Optimize for N epochs. Invoke custom callback at the end of an epoch.
I want to propose some changes but I am not entirely sure where they would fit best.
Let's assume there is an iterator for a training set. Often, the suggested method to train/optimize for N epochs is to ncycle the training set. I can define a callback to log some information (e.g. the loss) which gets passed to the optimizer and invoked at the end of an iteration.
Because the training set can contain many samples I don't want to print the loss of every sample but the mean at the end of an epoch (all samples have been taken). Printing the samples' losses should still be possible though.
I can imagine a __solve() function accepting all the optimizer and some additional arguments (epochs, epoch_cb).
Here are some parts of my code. It already works but could be more customizable.
# maybe something like __solve(prob::OptimizationProblem, opt, data;
cb = (args...) -> (false), ecb = (args...) -> (false), epochs = nothing,
kwargs...)
porgress = ProgressMeter.Progress(length(data); showspeed=true)
losses = Float32[]
function _cb(p,l,args...; kwargs...)
push!(losses,l)
x = "$(losses[end])"
ProgressMeter.next!(porgress; showvalues = [(:loss,x)])
cb(p,l,args...; kwargs...)
end
...
optprob = GalacticOptim.OptimizationProblem(...)
...
porgress = ProgressMeter.Progress(length(data); showspeed=true)
res = GalacticOptim.solve(optprob, opt, data, cb = _cb)
ecb(losses,1,res)
losses = Float32[]
for epoch in 2:epochs
prob = remake(optprob,u0=res.u)
porgress = ProgressMeter.Progress(length(data); showspeed=true)
res = GalacticOptim.solve(prob, opt, data, cb = _cb)
ecb(losses,epoch,res)
losses = Float32[]
end
return res
end
The output I get:
Epoch 019/100, mean train_loss:3.6367512
Progress: 100%|████████████████████████████████████████████████████████████████████████████████████████████████████████| Time: 0:00:44 ( 1.17 s/it)
loss: 3.7939742
Epoch 020/100, mean train_loss:3.578114
Progress: 61%|███████████████████████████████████████████████████████████████ | ETA: 0:00:18 ( 1.20 s/it)
loss: 2.0184839
Is something like this possible already? If not and you think it's worth creating a PR I am happy to do so.
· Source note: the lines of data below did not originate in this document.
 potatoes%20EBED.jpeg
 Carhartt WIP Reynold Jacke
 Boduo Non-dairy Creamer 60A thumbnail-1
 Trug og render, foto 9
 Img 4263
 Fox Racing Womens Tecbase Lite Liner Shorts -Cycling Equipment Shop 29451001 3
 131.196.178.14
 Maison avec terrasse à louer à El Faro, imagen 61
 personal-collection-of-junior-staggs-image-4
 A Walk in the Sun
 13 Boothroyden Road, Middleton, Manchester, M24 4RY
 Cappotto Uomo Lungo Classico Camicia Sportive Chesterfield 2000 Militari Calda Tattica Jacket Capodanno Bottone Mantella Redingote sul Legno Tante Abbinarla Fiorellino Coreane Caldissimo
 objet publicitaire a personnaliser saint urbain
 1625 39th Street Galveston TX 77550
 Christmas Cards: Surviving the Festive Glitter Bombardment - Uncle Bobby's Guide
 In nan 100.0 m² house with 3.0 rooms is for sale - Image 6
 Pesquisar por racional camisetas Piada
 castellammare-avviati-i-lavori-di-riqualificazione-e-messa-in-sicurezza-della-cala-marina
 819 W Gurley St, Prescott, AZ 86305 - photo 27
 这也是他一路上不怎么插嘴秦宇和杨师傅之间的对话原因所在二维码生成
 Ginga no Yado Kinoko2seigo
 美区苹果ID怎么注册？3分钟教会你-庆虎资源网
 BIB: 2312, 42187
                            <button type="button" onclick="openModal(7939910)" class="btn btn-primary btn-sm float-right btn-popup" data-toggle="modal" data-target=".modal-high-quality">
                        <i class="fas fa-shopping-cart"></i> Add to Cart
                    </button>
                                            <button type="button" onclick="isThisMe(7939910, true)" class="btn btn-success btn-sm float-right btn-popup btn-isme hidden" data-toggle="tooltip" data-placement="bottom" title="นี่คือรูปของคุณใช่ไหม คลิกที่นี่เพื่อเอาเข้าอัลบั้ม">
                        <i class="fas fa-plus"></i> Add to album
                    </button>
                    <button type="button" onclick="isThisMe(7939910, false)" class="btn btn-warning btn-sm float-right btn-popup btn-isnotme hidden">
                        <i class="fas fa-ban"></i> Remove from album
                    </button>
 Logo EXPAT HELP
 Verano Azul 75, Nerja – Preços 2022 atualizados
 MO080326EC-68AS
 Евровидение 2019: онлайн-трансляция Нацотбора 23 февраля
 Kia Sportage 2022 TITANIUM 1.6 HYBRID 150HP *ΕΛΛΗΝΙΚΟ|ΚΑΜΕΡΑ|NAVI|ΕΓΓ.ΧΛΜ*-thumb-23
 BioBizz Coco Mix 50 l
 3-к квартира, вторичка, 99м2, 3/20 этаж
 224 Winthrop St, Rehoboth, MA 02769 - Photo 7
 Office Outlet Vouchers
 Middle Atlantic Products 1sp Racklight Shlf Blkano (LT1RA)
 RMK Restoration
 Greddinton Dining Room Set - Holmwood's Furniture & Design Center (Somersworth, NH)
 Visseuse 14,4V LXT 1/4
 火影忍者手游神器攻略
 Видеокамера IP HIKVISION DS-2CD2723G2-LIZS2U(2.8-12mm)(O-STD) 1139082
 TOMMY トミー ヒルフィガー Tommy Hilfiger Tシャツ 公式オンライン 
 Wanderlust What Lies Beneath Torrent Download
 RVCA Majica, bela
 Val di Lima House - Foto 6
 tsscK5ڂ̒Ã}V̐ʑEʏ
Interesting, and default epochs to 1? I could see that being useful. Will need good docs though.
What's wrong with putting a counter in the callbacks?
Sure, you could make use of a counter to define what to do after X iterations.
cb()
# sample_callback()
if counter % X == 0
# "epoch"_callback()
end
counter += 1
end
That's what you have in mind, right? While this is indeed not that hard to implement why don't give the user the option to just define the body of different callbacks and let the package take care of everything else?
Actually, now I think a third callback could make sense (in case there is a data loader). Some commonly used callbacks (in terms of the time of invocation):
- sample_callback (SC): invoke after every iteration
- epoch_callback (EC): invoke after all training samples have been taken.
- iterative_callback (IC): invoke after X iterations 4 5) start/end callback? (I will stop here)
The function could handle following cases:
-
No data Invoke SC every 1? Invoke EC every 1? Invoke IC every X epochs = maxIters ? In this case I think only SC or EC makes sense and either epochs or maxIters
-
With Data loader (dl) Invoke SC every 1 Invoke EC every length(dl) Invoke IC every X If length(dl) = 10 the user could set epochs to 10 and maxIters to 90 (I don't know why but that would be the max number of iterations or training samples)
-
I was also thinking about an array of optimizers and epochs, e.g. ADAM for 300 epochs, BFGS for 200 epochs while still using maxIters as upper bound.
I agree to epochs=1 as default.
What do you think?
That all just seems overly complicated. Why not just have constructors for standard callback types?